Nevertheless, it is ironic that they too seek to cover the sun with their hand. In their attempt to establish direct comparisons between the threat they perceive today's Central America Free Trade Agreement (CAFTA) to represent and nineteenth-century filibustering, they do not seem to even recognize that the presidency of Juan Rafael Mora Porras, their hero, was intensely identified with liberal economic policies, the equivalent of a nineteenth-century free trade agreement.

This was to be done with the privatization of common lands as the only way to progress based on the coffee exports produced there. His policy generated widespread, angry opposition between San José and Alajuela and the fall of Mora's regime owed much more to that discontent than to what some today seek to present as a treasonous conspiracy by a few "bad seeds" in the otherwise heroic nation.

Costa Rican historiographic nationalism has tended to glorify not only an emotional patriotism but its supposed roots in a broad distribution of private property in the land, the basis of its idiosyncratic national character. However, private property in the land has historical roots, combining complex and often opposed tendencies (which are not simply positive or democratic).

There are at least three contradictory elements that argue against such a "morista" and heroic reading of mid-nineteenth-century Costa Rica. Several authors have pointed out the relationship between Mora's election and the attempt to restrict the vote to wealthier landowners with the constitution of 1848. Moreover, both Mora and José María Montealegre--his major opponent--profited personally from the privatization of common lands just to the west of the capital of San José.

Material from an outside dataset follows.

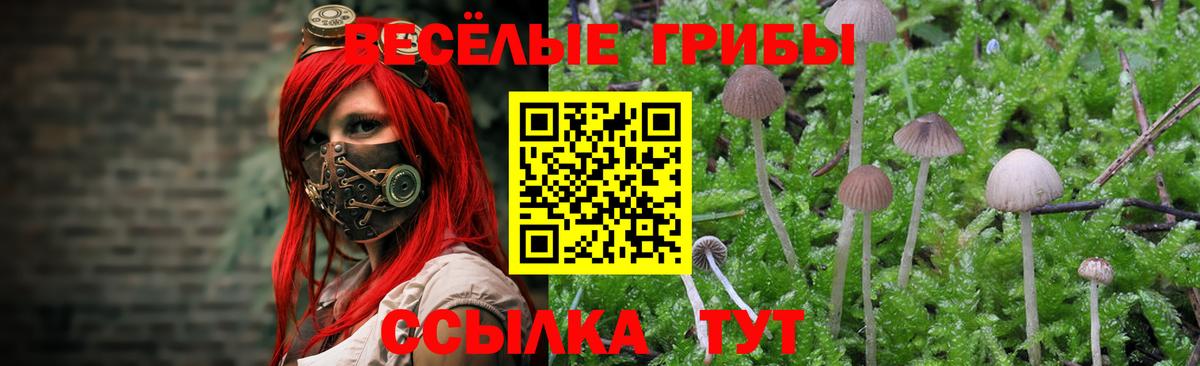 Галлюциногенные грибы Psilocybe Тула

In that wave of privatizations (reinforced by the Homestead Act, or Ley de Cabezas de Familia, of 1864), the policy of awarding public lands to private parties in colonization zones eliminated women as direct beneficiaries almost completely, unlike the earlier practice of including them in the renewable annual lease or rental of common lands.

Once again we have contradictory processes: on the one hand, the broadening of the number of men able to own property and vote, along with the ultimately unsuccessful attempt to restrict suffrage; the radical increase in the number of men awarded public lands as private property; and, on the other hand, greater patriarchal rigidity.

Mora Porras, then, would be the architect of a more democratic patriarchy, or of a democracy with more property holders.

Why must historians pay more attention to context and to interests than to the eternal favorites of romantic nationalism, the character and beliefs of Founding Fathers? While character and beliefs count, it is more convincing to trace changes in circumstances, context, and interests. If we were to continue with these kinds of errors, historians of the twenty-first century would surely have to engage in polemics over whether, in contemplating current President Arias Sánchez, we see Arias the "good," Reagan's challenger and Nobel Prize winner, or Arias the "bad," reelected unconstitutionally in 2006--according to some--and determined to pass CAFTA over all opposition.

Future readers will have every right to reverse the order of good and bad based solely on their ideological convictions, just as with the figure of Mora Porras today.

Such a polemic might well be interesting, but in the real world the good and the bad among the citizenry do not line up so obligingly or simply: heroes and their loyal followers to this side, villains and despots to the other.

Let us not reduce history to the moral lessons of a stale nationalism, nor to a documentary casuistry that could contribute to the popularity of its message in today's time of intense polarization.

Lowell Gudmundson is a professor of Latin American studies and history at Mount Holyoke College (USA). He is the author of Costa Rica antes del café (ECR, 1986) and coeditor of Café, sociedad y poder en América Latina (EUNA, 2001). He began his academic career in the Universidad Nacional and Universidad de Costa Rica in the 1970s.